These are not strict boxes, but lenses that highlight the different roles they play in building a regenerative economy; From leadership and landscapes to value chains and materials.
Bomenland works to create resilient, future-proof landscapes by integrating agroforestry into Dutch farming systems at scale. Their mission is to make landscape restoration with trees an integral part of profitable, vital farms – not a side project.
Using a regional cluster approach, Bomenland brings together groups of farmers and landowners to collaborate on planting, maintenance, processing, and sales. This cooperation produces economically viable, ecologically rich systems that restore biodiversity and soil health while strengthening rural economies.
Team: 2
Founded: 2025
Business model: Annual service fees for agroforestry implementation, plus a share of future yields and carbon credit revenue
Regeneration NL is a Dutch network organization focused on regenerative leadership – empowering individuals, organizations, and communities to operate in harmony with social and natural systems.
Through coaching, training, consultancy, and facilitation, they guide transitions from “sustainability” as a set of goals toward regeneration as a way of working, organizing, and making decisions. The organization is evolving toward a steward-owned structure, with a foundation and private limited company that embed long-term impact in ownership and governance.
Team: 6–8
Founded: 2024
Business model: B2B, partnership-based
Rooftop Revolution is a non-profit foundation that brings nature back into cities by transforming rooftops – the largest unused surface in urban areas – into green, biodiverse, climate-adaptive ecosystems.

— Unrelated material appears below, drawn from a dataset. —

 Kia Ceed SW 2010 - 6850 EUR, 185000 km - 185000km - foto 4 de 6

Through research, campaigns, and hands-on project support, they work with municipalities, building owners, and citizens to turn the urban roofscape into living infrastructure that mitigates heat stress, captures rainwater, and reconnects people with nature above their heads.
Team: 12
Founded: 2016
Business model: Paid campaigns for governments and consultancy projects for governments and roof owners
Nieuwe Bodem is a regenerative agroforestry enterprise cultivating herbal teas, nuts, and diverse perennial crops while restoring biodiversity, soil health, and local food resilience.

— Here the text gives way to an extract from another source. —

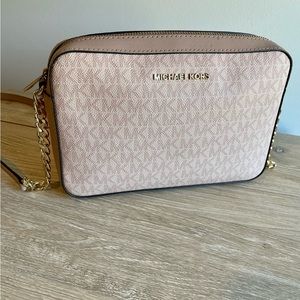 Michael Kors Signature Ginny Pink Crossbody Bag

The organization operates along two main lines:
A tree adoption program with over 200 participants adopting nut and fruit trees to support long-term landscape restoration.

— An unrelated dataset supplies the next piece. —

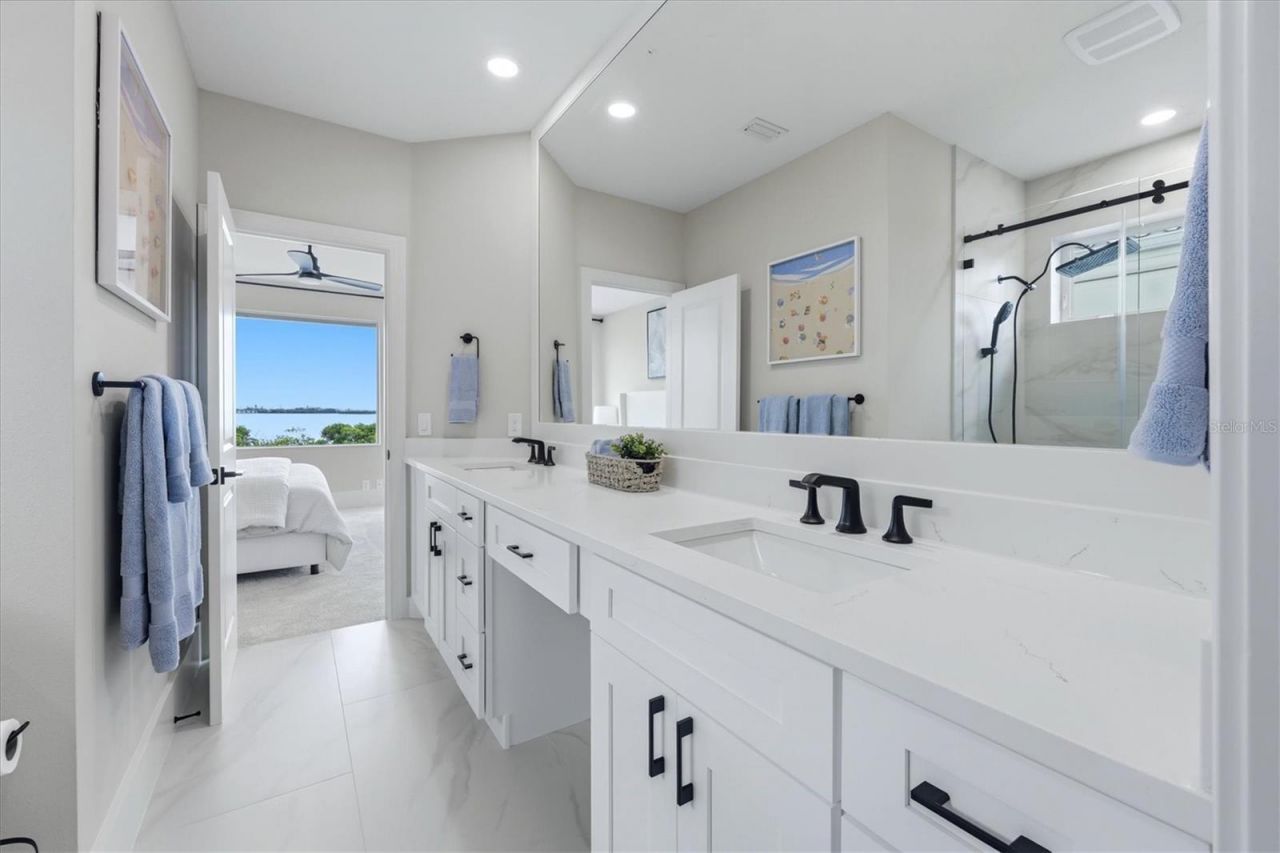 3606 Fair Oaks Place, Longboat Key, FL 34228 Photo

The production of regenerative tea herbs, sold under the Nieuwe Bodem brand and to partners such as Wilder Land and Roze Bunker.
The farm also serves as a living lab, hosting projects like NETTLE, which explores transforming nettles into sustainable textile fibers while enriching biodiversity and soil.
Team: 10–15
Founded: 2021
Business model: B2C sales of tea herbs (bulk and bags) and annual contributions from tree adopters
Voedselpark Amsterdam is working to build communities in which ecology and food security are central. They do this through food park concepts: agro-ecological landscape parks where food production, processing, distribution, sustainable innovation, education, knowledge sharing, nature, recreation, and care come together.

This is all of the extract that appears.